Zudem berichten zahlreiche Betriebe von Liquiditätsengpässen. Kunden sparen, verschieben Projekte oder werden selbst insolvent. "Die Krise überträgt sich entlang der Lieferketten", sagt Klaus Wohlrabe, Leiter der Ifo‑Umfragen. Wenn Aufträge ausbleiben oder storniert werden, treffe das Zulieferer und Dienstleister mit voller Wucht.
Einzelhandel, Industrie und Bau ebenfalls betroffen
Auch andere Branchen kämpfen mit schwierigen Rahmenbedingungen. Im Einzelhandel erreicht der Anteil existenziell bedrohter Unternehmen mit 17 Prozent einen neuen Höchststand. Insgesamt sehen sich fast 12 Prozent aller Handelsunternehmen gefährdet.
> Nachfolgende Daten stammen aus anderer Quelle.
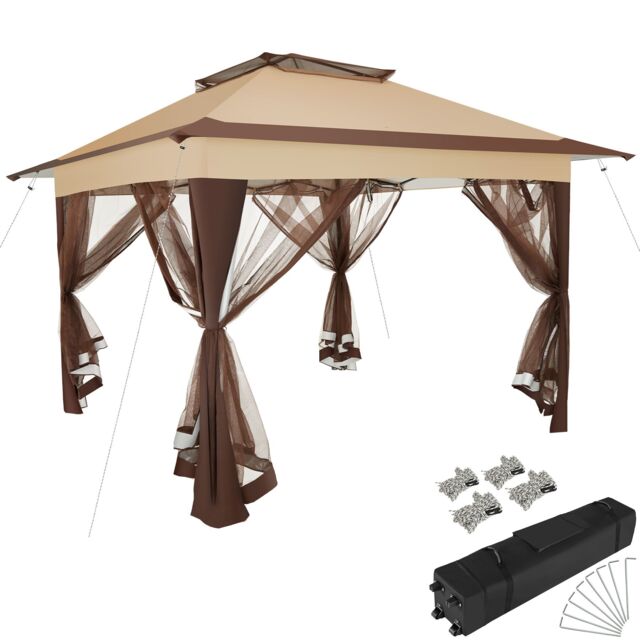 Gazebo Carabobo - 4 side panels, water & UV-resistant, 3.64 x 3.64 x 2.94 m Brown brown 364 x 364 x 294 cm 1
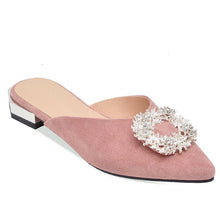 Load image into Gallery viewer, WETKISS Flock Low Heels Slippers Women Pointed Toe Footwear Crystal Buckle Slides Shoes Female Mules Shoes Woman Plus Size 48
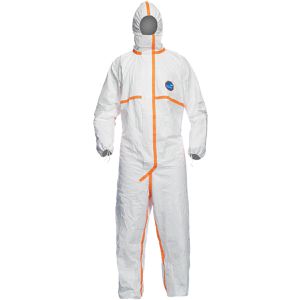 Feldtmann Schutzanzug Tyvek 800 J Einwegschutz-Overall, weiß, Größe L, mit Kapuze, Einweg-Overall, PSA-Kategorie 3 Typ 4/5/6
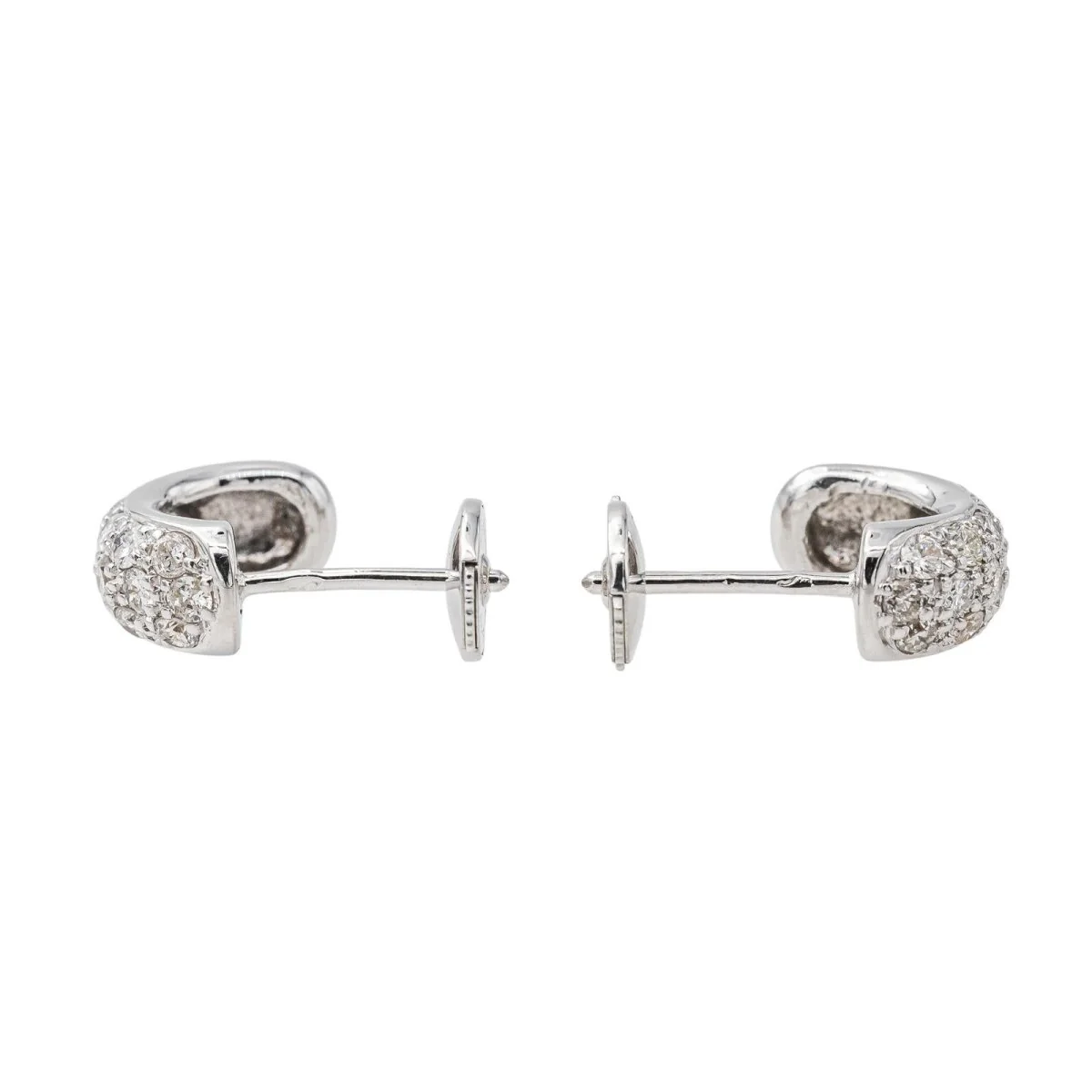 Boucles d'oreilles Demi créoles Or blanc Diamant - Image 4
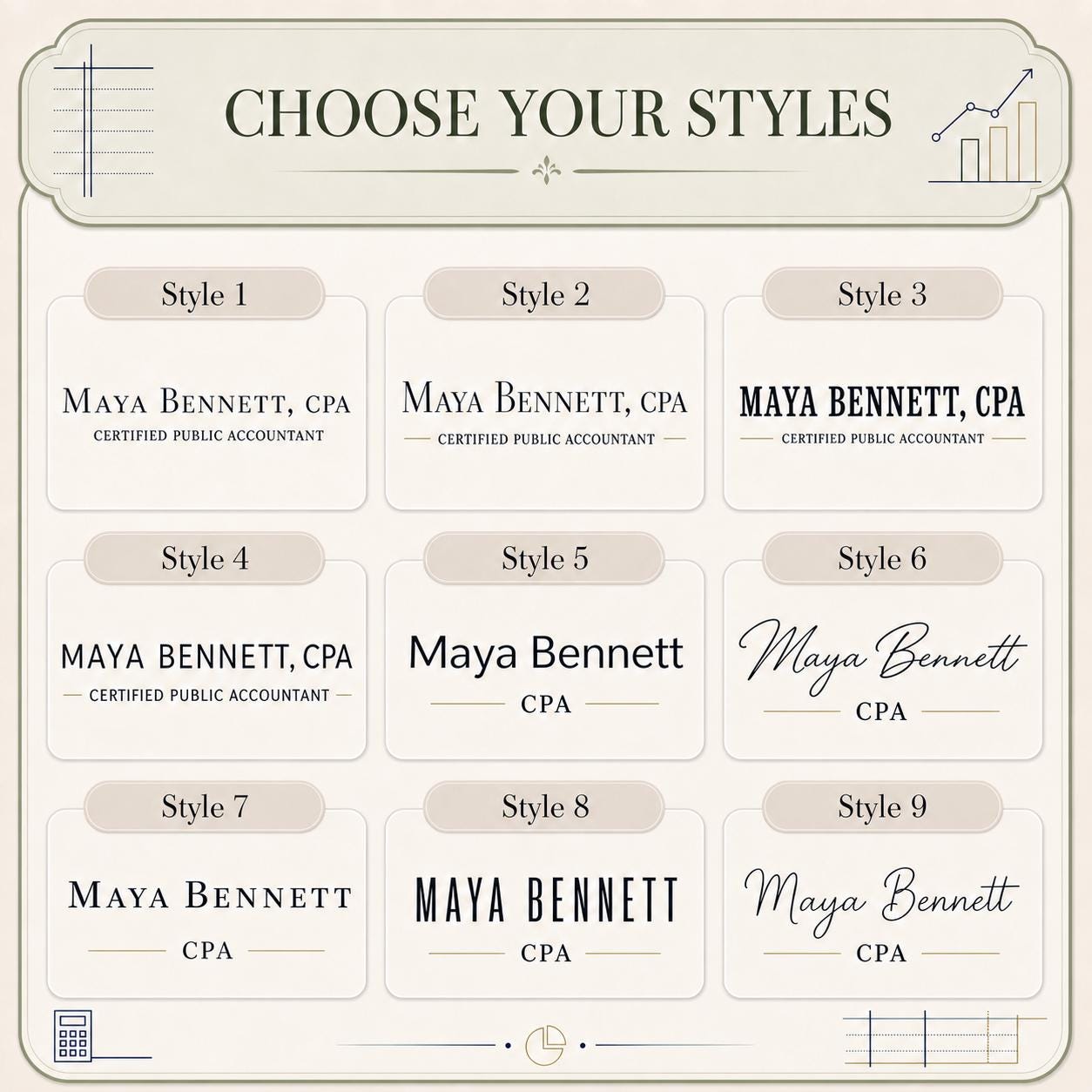 Nine typography styles for the cpa acrylic nameplate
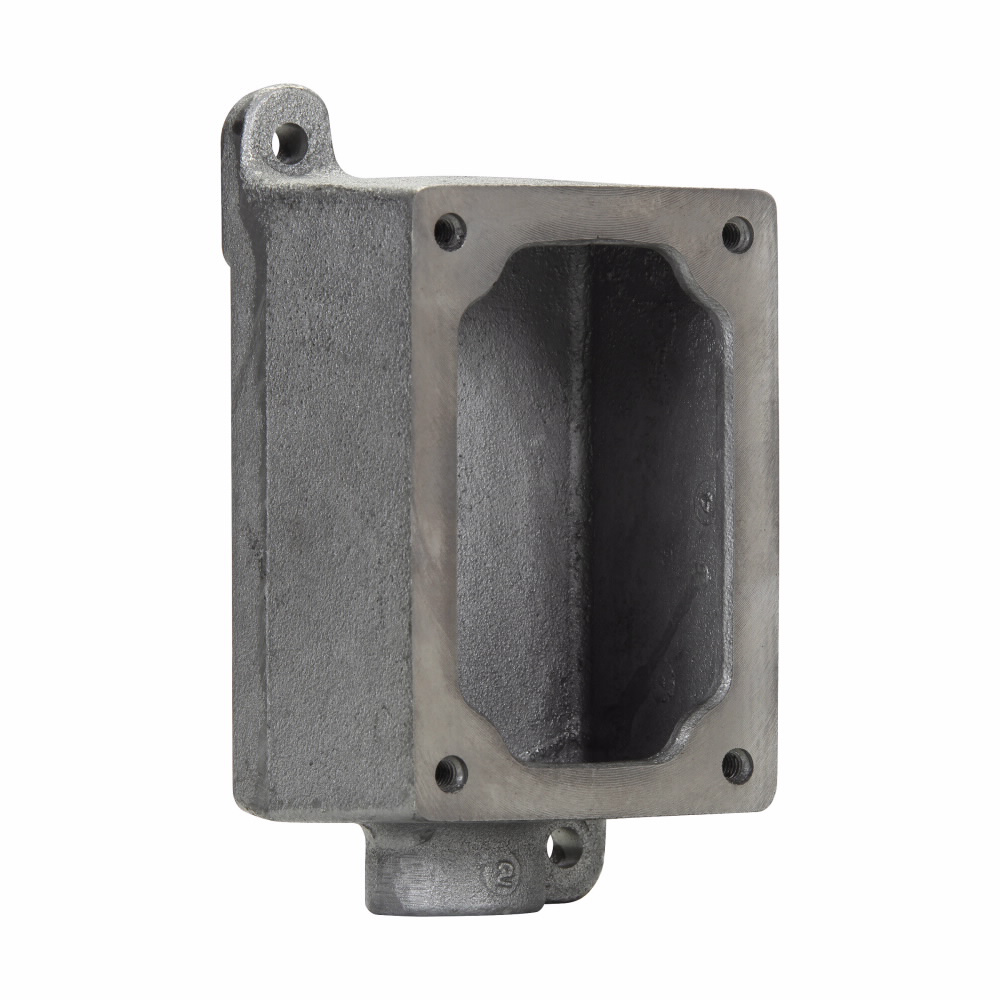 Mayer-Eaton Crouse-Hinds series FlexStation EDS back box, Feraloy iron alloy, Single-gang, Dead end, 3/4"-1
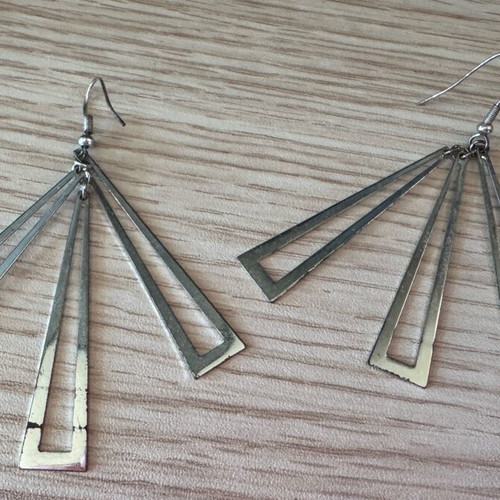 Dangling earrings used, pack of 3 pairs, silver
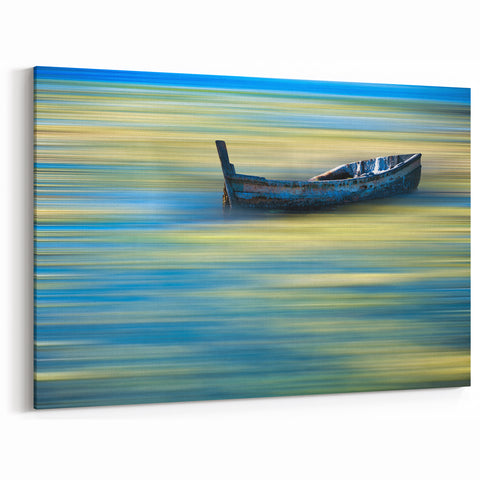 Minimalist Landscape Wall Art – Teal Boat on Blurred Water Motion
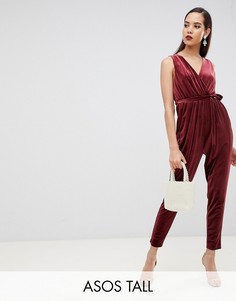 Бархатный комбинезон без рукавов с запахом ASOS DESIGN Tall-Розовый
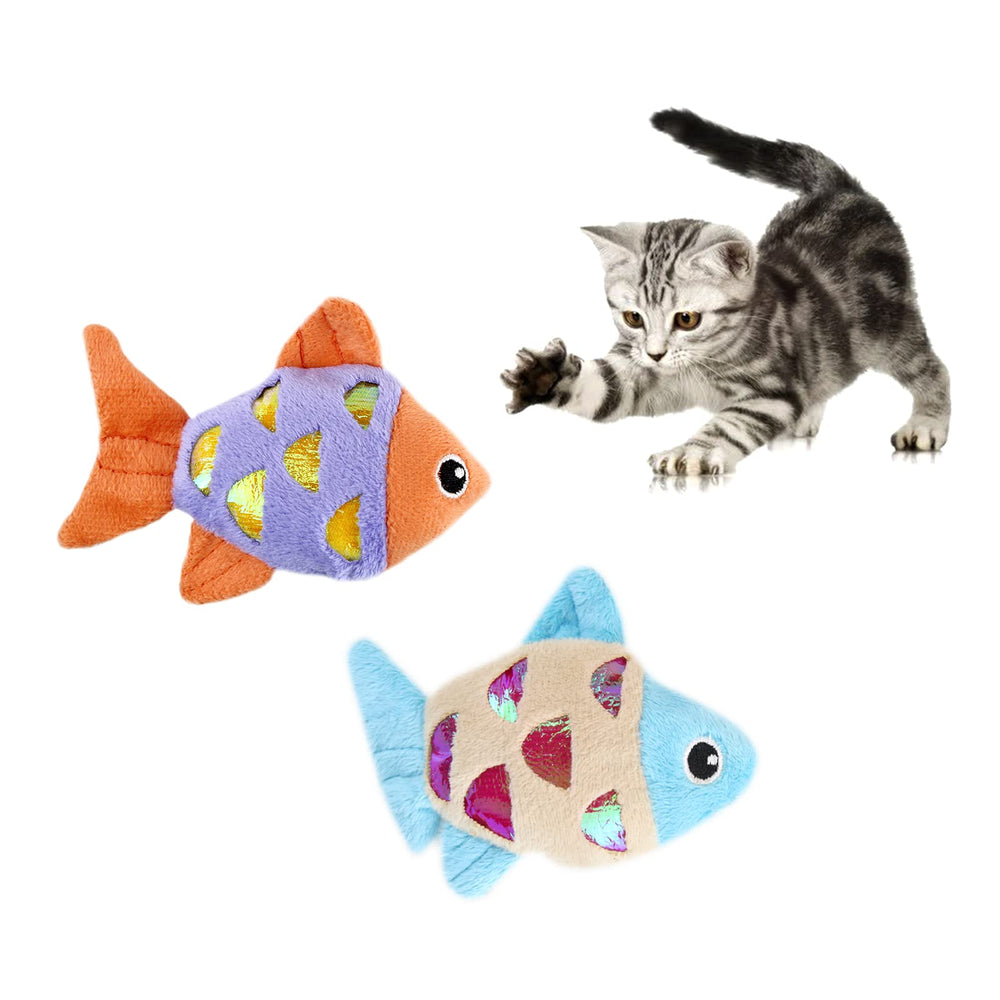 Andiker poisson-chatnip ensemble 2 pieces, stimule la chasse et l eveil du chat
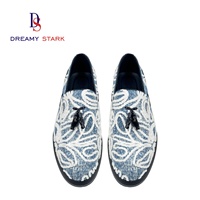 Chaussures Homme Décontractées à Enfiler Bicolores Faites à la Main ; Tissu Extensible Confortable, Logo Personnalisé, Marque Originale, Idéales pour l'Automne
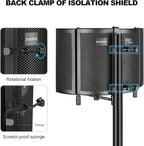 Professional Studio Recording Microphone Isolation Shield, Pop Filter,High density absorbent foam is used to filter vocal. Suitable for Blue Yeti and other condenser microphones (AO-504 With Stand)
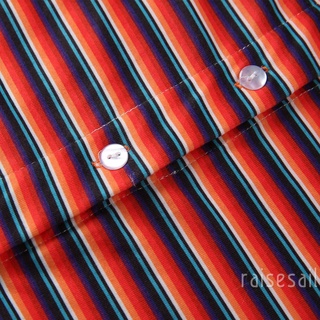 Rs-pañuelo de manga corta con estampado de rayas rojas oscuras, S/ M/ L/ XL (8)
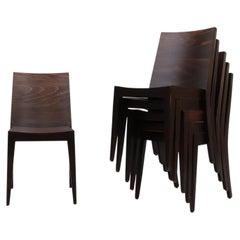 Modernist Philippe Starck Style Dark Stained Wood Stacking Chairs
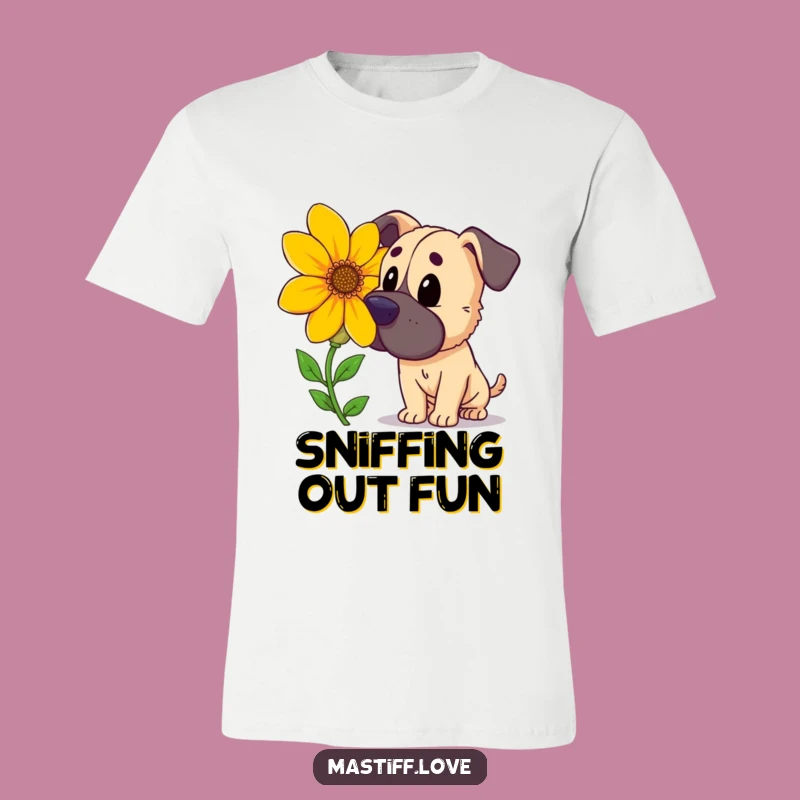 Funny Mastiff Flower Sniff T-Shirt: Cute Cartoon Pup Tee for Nature Lovers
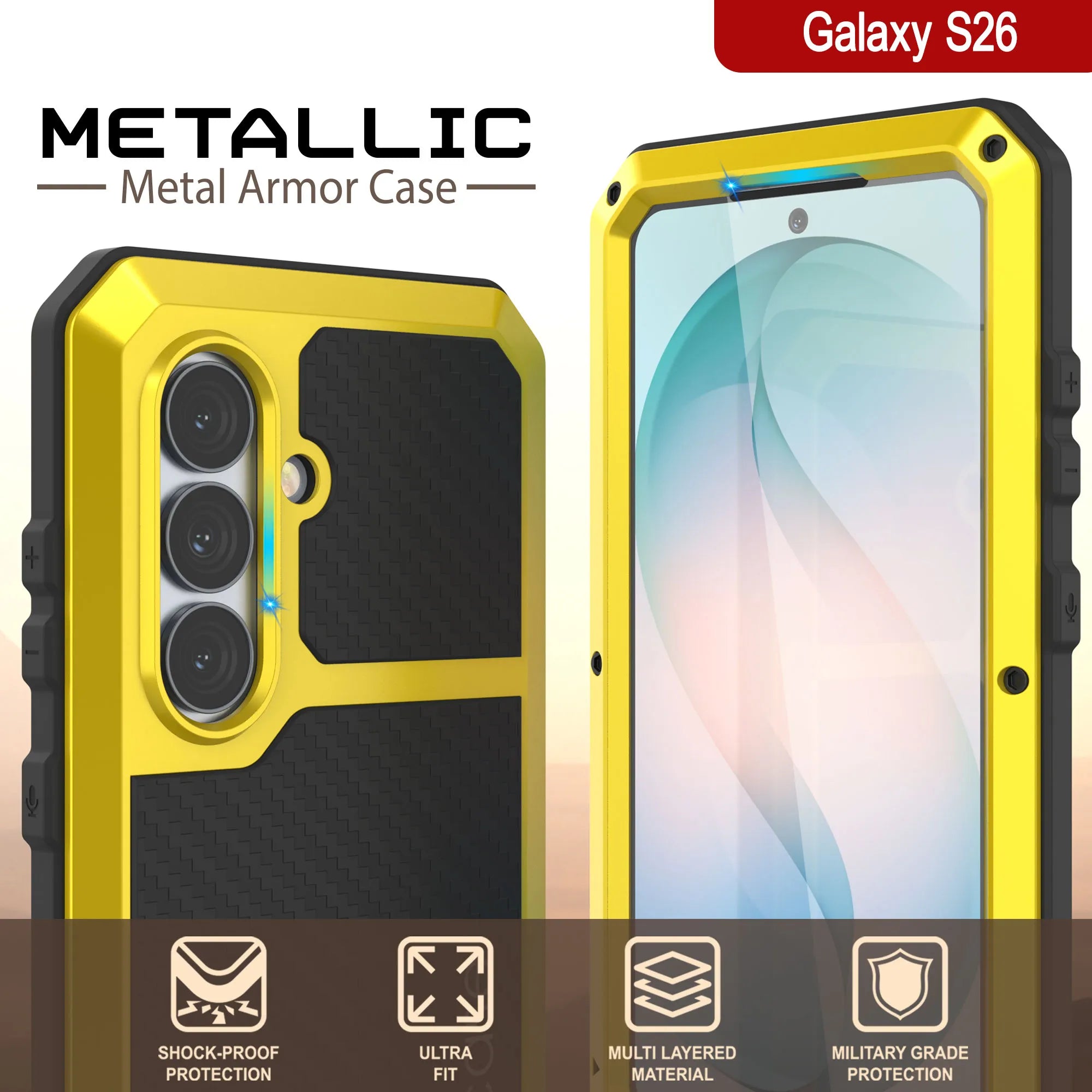 Galaxy S26 Metal Case, Heavy Duty Military Grade Armor Cover [shock proof] Full Body Hard [Yellow]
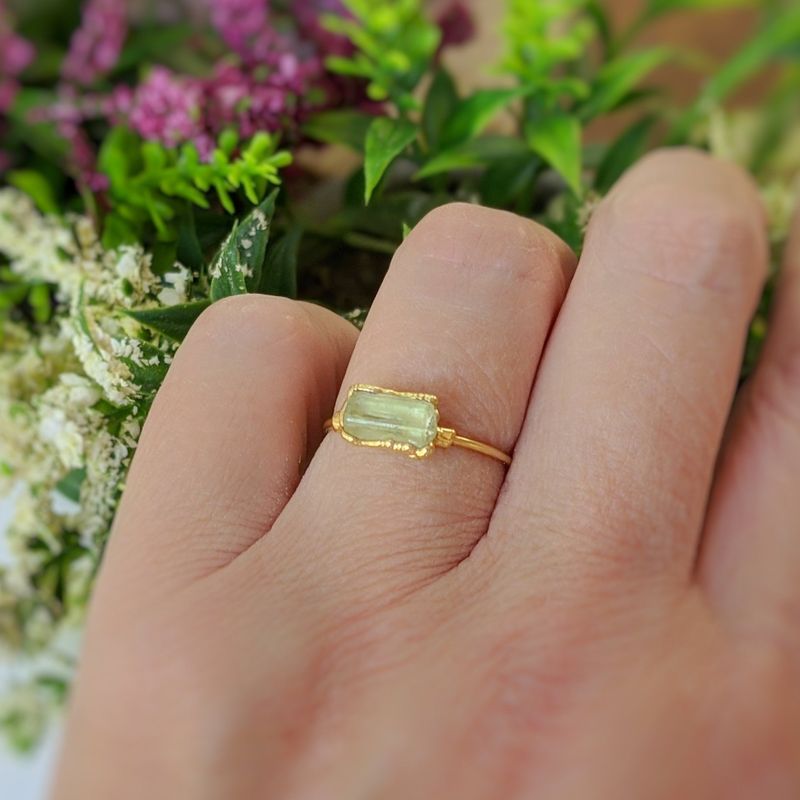 Bague Apatite Jaune Brute
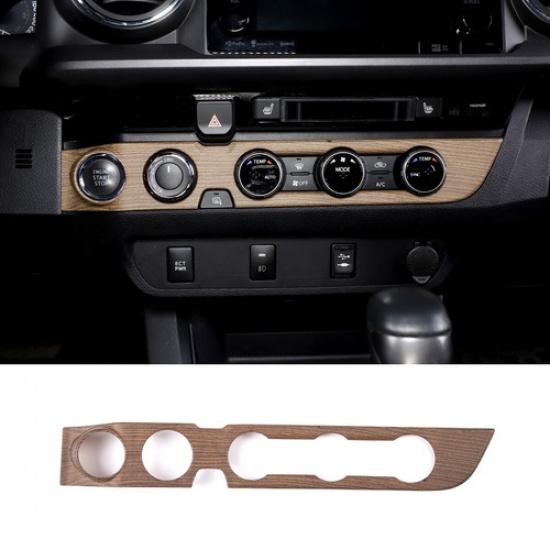 ABS Wood Grain Air Condition Panel Trim Cover For Toyota Tacoma 16-23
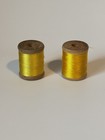 Royal Silk Co  Vintage Original Yellow Silk Sewing Thread Wooden Spools Lot Of 2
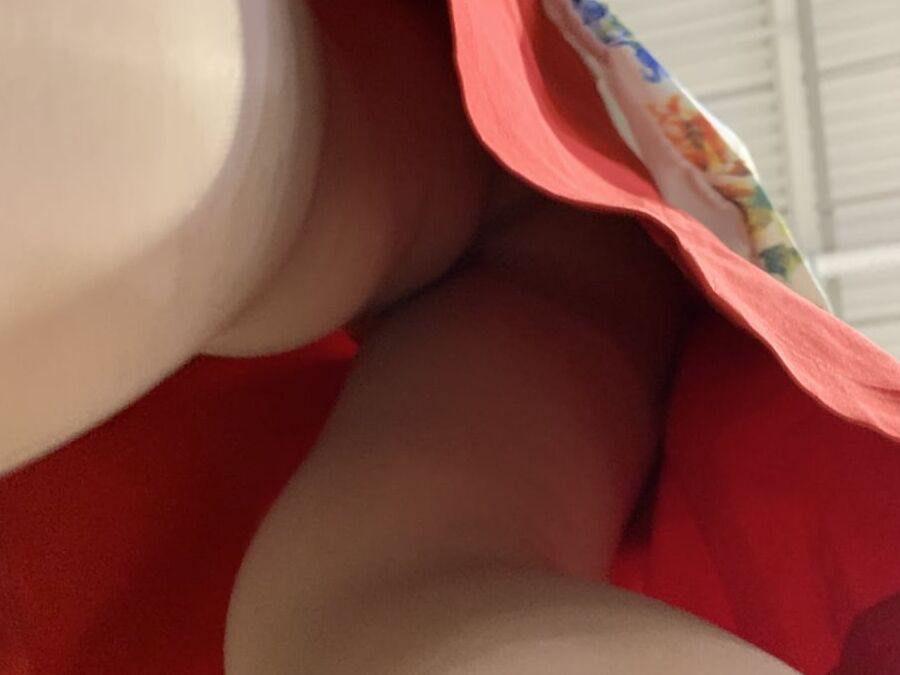 Upskirt red skirt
In der Industrie ist der Anteil leicht auf 7,5 Prozent gesunken, doch hohe Energie- und Rohstoffkosten sowie internationale Wettbewerbsnachteile bleiben ein Problem. Im Bauhauptgewerbe steigt der Wert auf 7,3 Prozent. Der anhaltende Einbruch im Wohnungsbau, lange Genehmigungsverfahren und eine zurückhaltende Kreditvergabe verschärfen die Lage.